● **Data for this exercise**
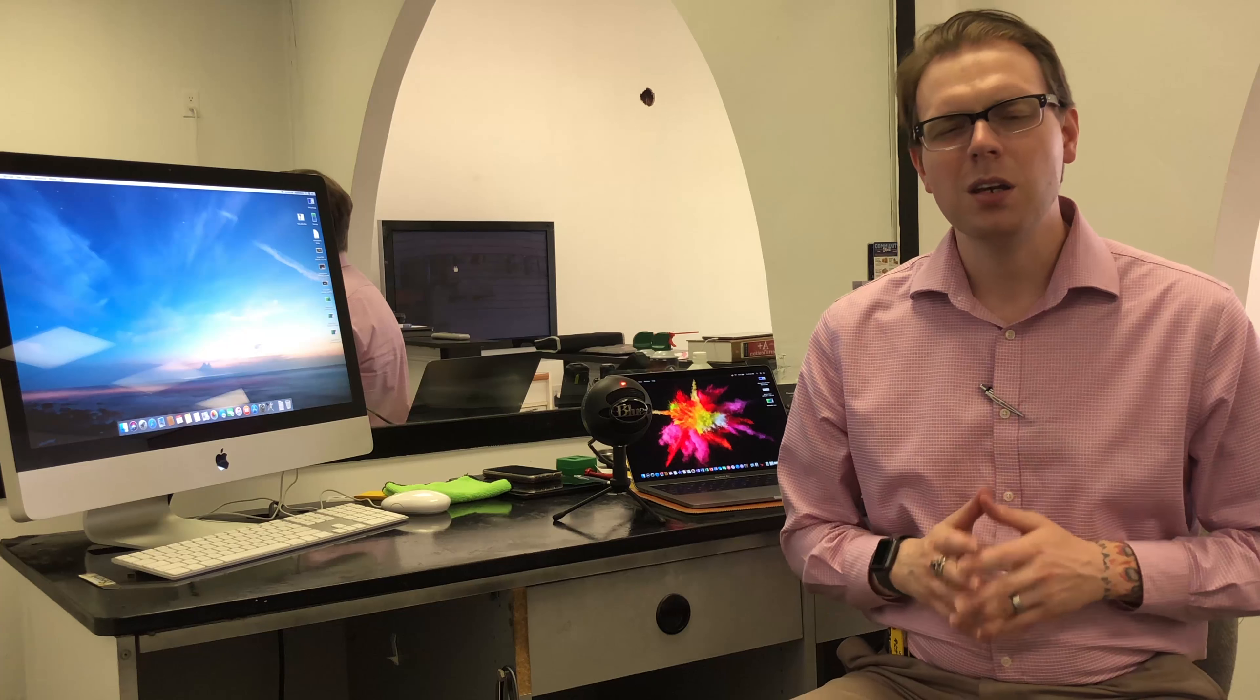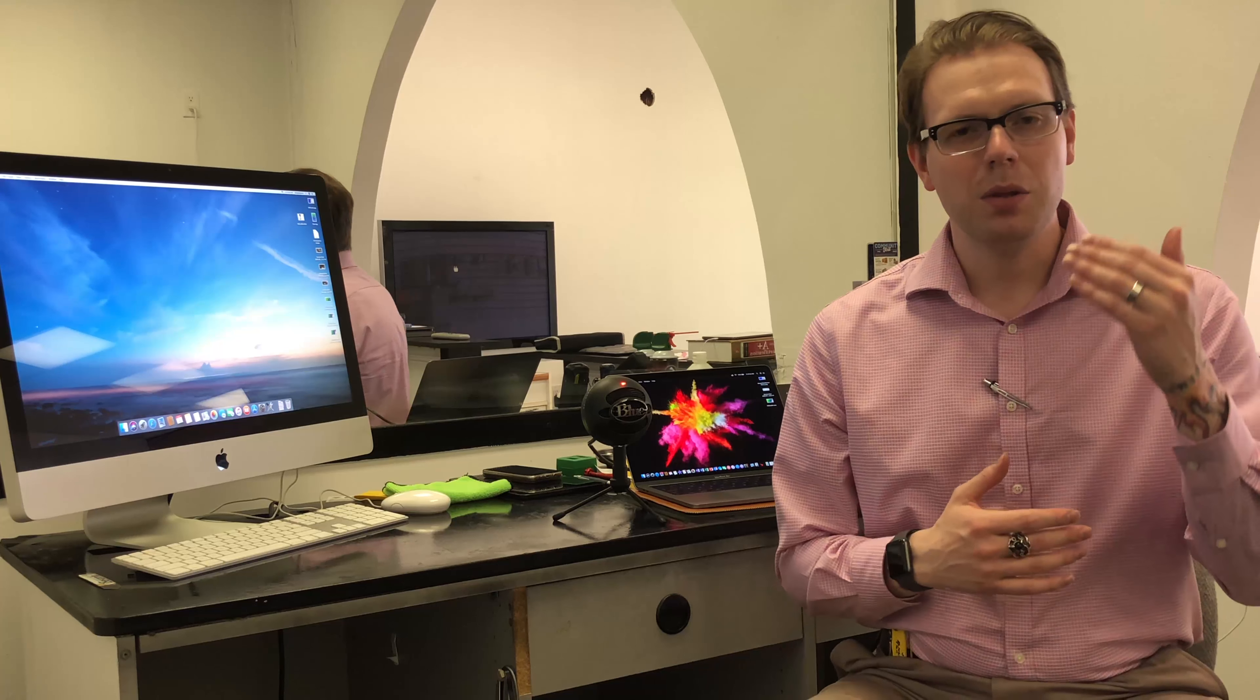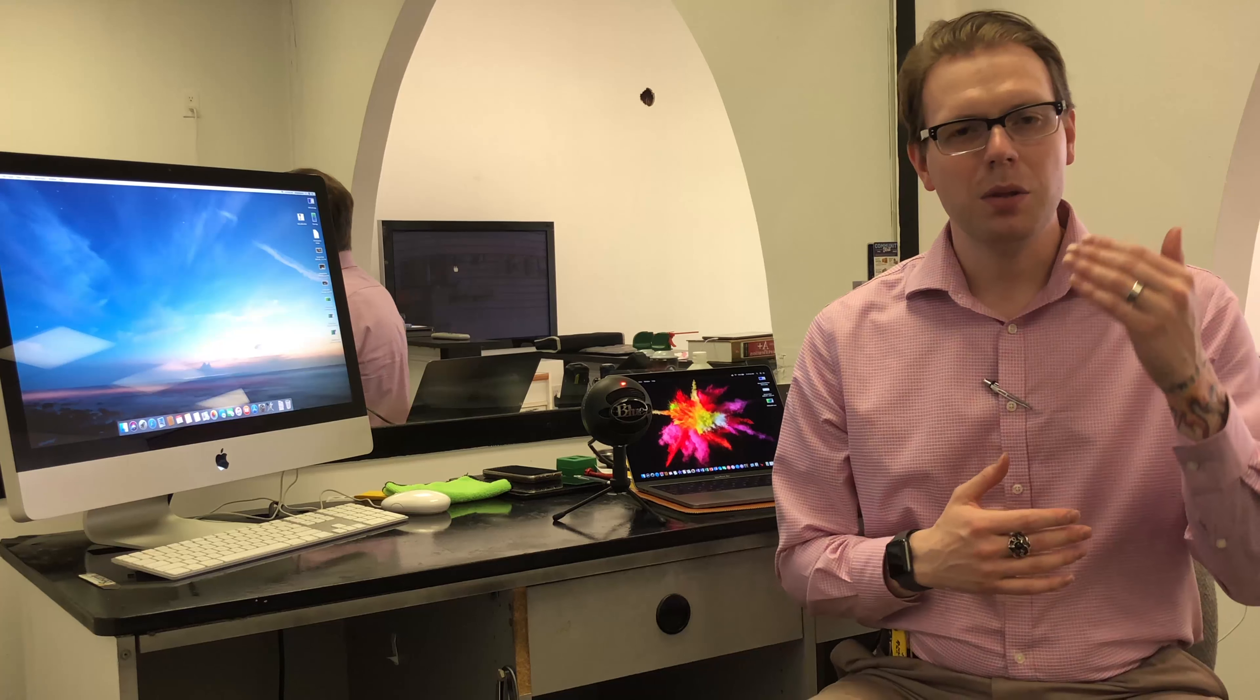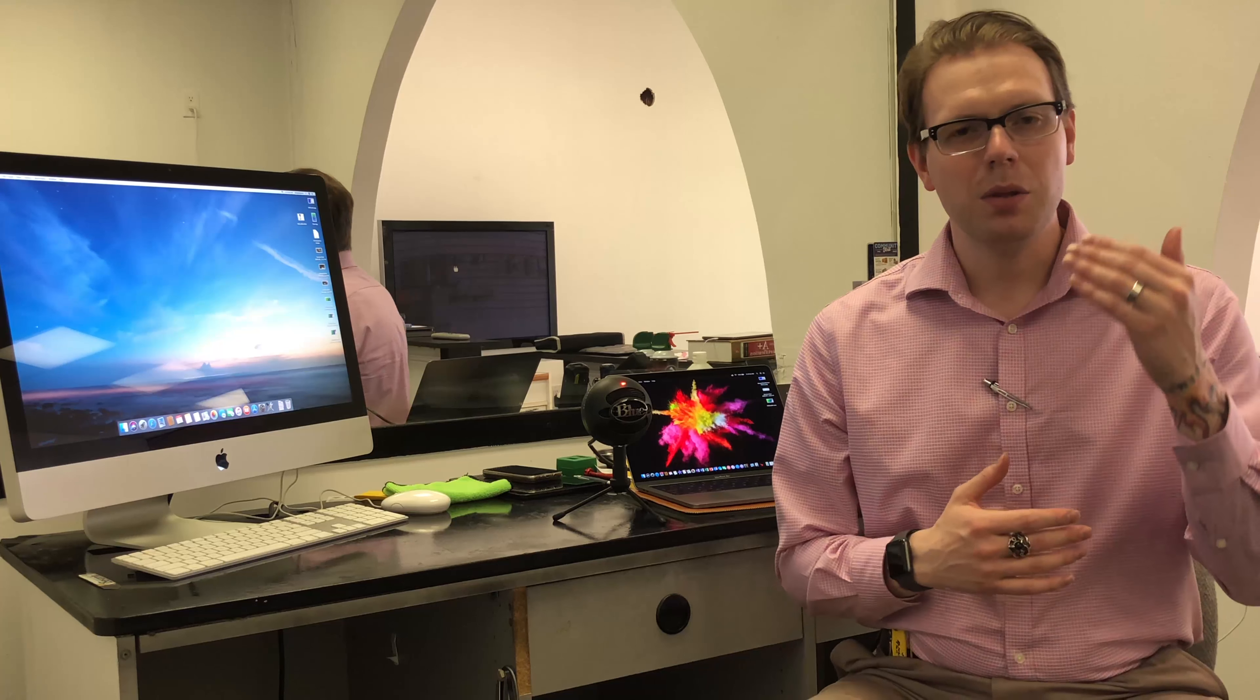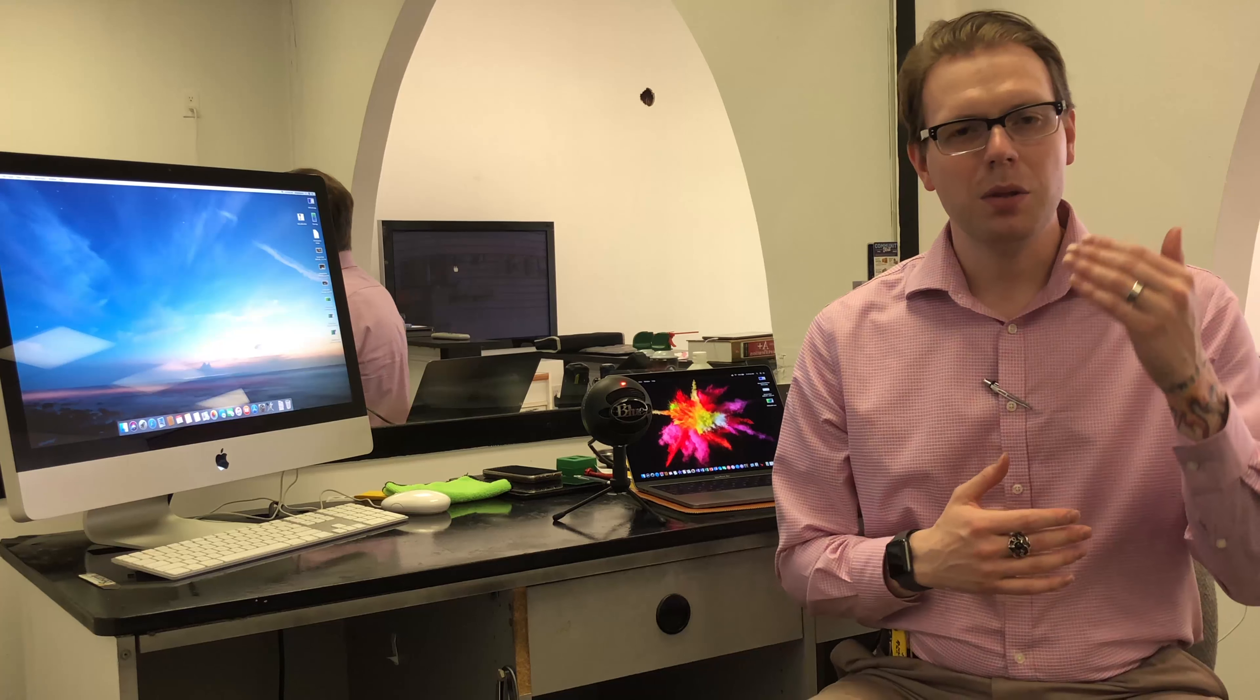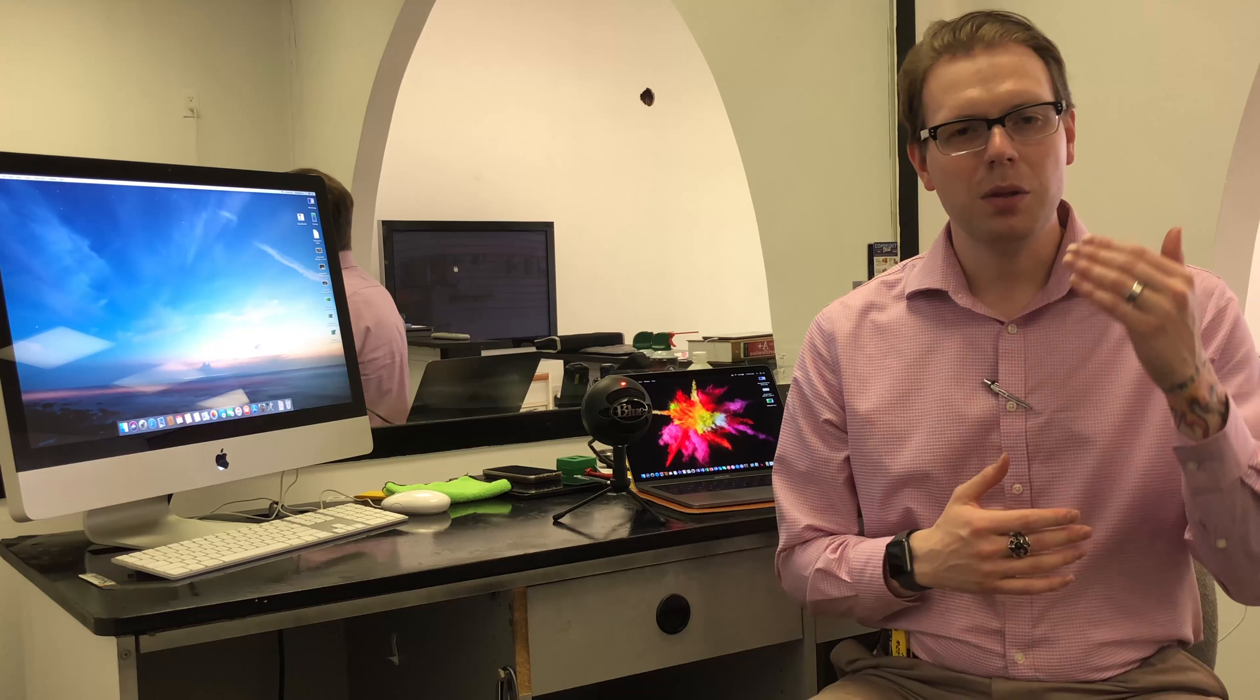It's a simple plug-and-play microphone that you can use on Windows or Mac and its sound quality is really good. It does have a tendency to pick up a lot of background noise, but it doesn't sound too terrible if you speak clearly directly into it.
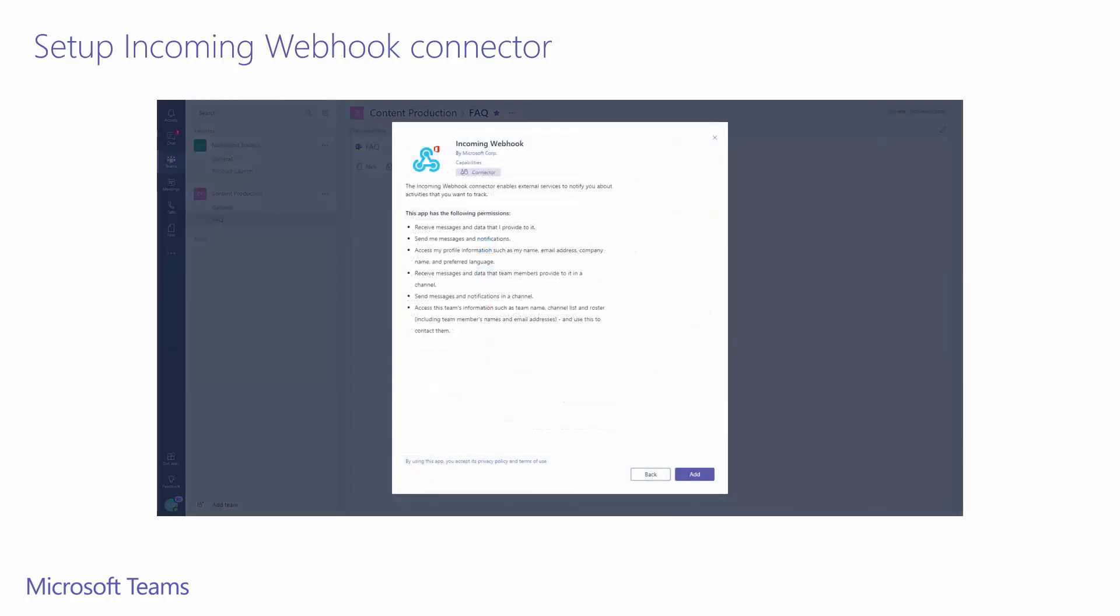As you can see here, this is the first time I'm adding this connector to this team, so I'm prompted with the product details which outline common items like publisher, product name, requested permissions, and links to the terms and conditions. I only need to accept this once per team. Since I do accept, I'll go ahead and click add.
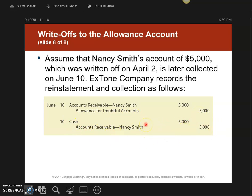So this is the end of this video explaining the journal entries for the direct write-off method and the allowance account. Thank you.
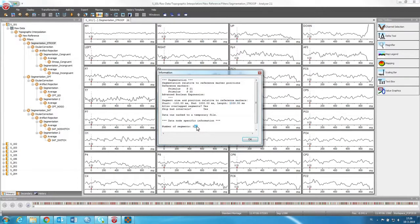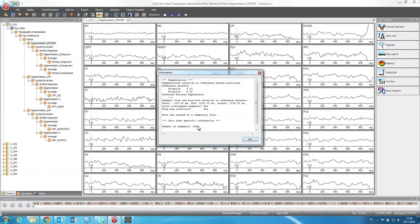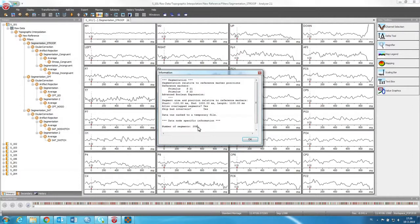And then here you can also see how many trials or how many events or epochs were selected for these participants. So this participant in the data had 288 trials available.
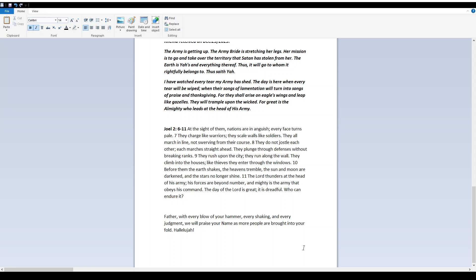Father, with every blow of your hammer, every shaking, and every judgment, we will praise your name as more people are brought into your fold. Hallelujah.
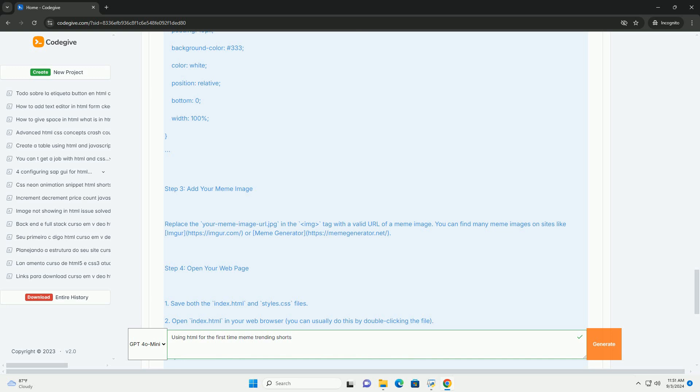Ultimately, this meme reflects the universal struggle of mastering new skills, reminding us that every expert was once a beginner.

● **Directions for this task**
Retype the data above exactly, dropping every picture.

● **Result**
It's a simple plug-and-play microphone that you can use on Windows or Mac and its sound quality is really good. It does have a tendency to pick up a lot of background noise, but it doesn't sound too terrible if you speak clearly directly into it.
As you can see here, this is the first time I'm adding this connector to this team, so I'm prompted with the product details which outline common items like publisher, product name, requested permissions, and links to the terms and conditions. I only need to accept this once per team. Since I do accept, I'll go ahead and click add.
So this is the end of this video explaining the journal entries for the direct write-off method and the allowance account. Thank you.
And then here you can also see how many trials or how many events or epochs were selected for these participants. So this participant in the data had 288 trials available.
Father, with every blow of your hammer, every shaking, and every judgment, we will praise your name as more people are brought into your fold. Hallelujah.
Ultimately, this meme reflects the universal struggle of mastering new skills, reminding us that every expert was once a beginner.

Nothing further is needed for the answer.